Task objective:
Set down the line that has "MODULO ZERO logo" and each line beneath it, through the last line of the entries, exactly and with no others.

Caption-style text data:

'''

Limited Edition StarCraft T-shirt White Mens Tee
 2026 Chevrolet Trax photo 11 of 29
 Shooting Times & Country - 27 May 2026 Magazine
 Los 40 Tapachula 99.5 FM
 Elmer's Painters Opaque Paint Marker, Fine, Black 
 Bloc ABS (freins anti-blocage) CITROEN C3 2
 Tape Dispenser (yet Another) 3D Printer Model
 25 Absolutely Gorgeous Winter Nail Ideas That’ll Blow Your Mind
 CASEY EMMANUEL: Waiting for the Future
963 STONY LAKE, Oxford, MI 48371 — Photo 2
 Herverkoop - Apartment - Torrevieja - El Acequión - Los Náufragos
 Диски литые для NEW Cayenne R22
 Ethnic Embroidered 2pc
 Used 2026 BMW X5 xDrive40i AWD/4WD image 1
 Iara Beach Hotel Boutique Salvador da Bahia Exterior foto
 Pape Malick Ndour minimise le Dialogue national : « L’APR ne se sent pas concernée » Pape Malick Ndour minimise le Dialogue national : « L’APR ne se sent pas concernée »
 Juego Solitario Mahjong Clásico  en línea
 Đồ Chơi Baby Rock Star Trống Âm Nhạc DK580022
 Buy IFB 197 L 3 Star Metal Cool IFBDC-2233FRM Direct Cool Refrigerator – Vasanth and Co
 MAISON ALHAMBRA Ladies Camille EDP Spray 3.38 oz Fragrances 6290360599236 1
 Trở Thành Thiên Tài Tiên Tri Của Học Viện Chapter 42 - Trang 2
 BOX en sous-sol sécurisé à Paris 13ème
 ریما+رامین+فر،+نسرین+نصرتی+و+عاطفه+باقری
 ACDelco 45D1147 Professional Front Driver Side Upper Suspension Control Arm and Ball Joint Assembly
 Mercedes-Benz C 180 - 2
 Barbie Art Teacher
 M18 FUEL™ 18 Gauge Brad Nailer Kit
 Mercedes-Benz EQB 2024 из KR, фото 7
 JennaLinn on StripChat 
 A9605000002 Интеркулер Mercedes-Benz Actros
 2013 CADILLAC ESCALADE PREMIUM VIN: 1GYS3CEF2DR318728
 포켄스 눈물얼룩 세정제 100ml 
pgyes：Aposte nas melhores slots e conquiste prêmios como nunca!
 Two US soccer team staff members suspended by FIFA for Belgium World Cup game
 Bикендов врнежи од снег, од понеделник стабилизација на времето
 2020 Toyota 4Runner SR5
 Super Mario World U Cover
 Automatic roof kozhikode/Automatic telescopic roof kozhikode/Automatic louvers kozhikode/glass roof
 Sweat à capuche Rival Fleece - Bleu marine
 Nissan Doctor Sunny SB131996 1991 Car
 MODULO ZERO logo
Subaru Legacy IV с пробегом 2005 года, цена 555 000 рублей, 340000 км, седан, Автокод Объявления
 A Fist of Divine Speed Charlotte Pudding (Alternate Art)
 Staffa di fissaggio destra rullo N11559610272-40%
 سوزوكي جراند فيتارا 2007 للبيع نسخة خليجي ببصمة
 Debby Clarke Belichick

'''

Response to this task:
 MODULO ZERO logo
Subaru Legacy IV с пробегом 2005 года, цена 555 000 рублей, 340000 км, седан, Автокод Объявления
 A Fist of Divine Speed Charlotte Pudding (Alternate Art)
 Staffa di fissaggio destra rullo N11559610272-40%
 سوزوكي جراند فيتارا 2007 للبيع نسخة خليجي ببصمة
 Debby Clarke Belichick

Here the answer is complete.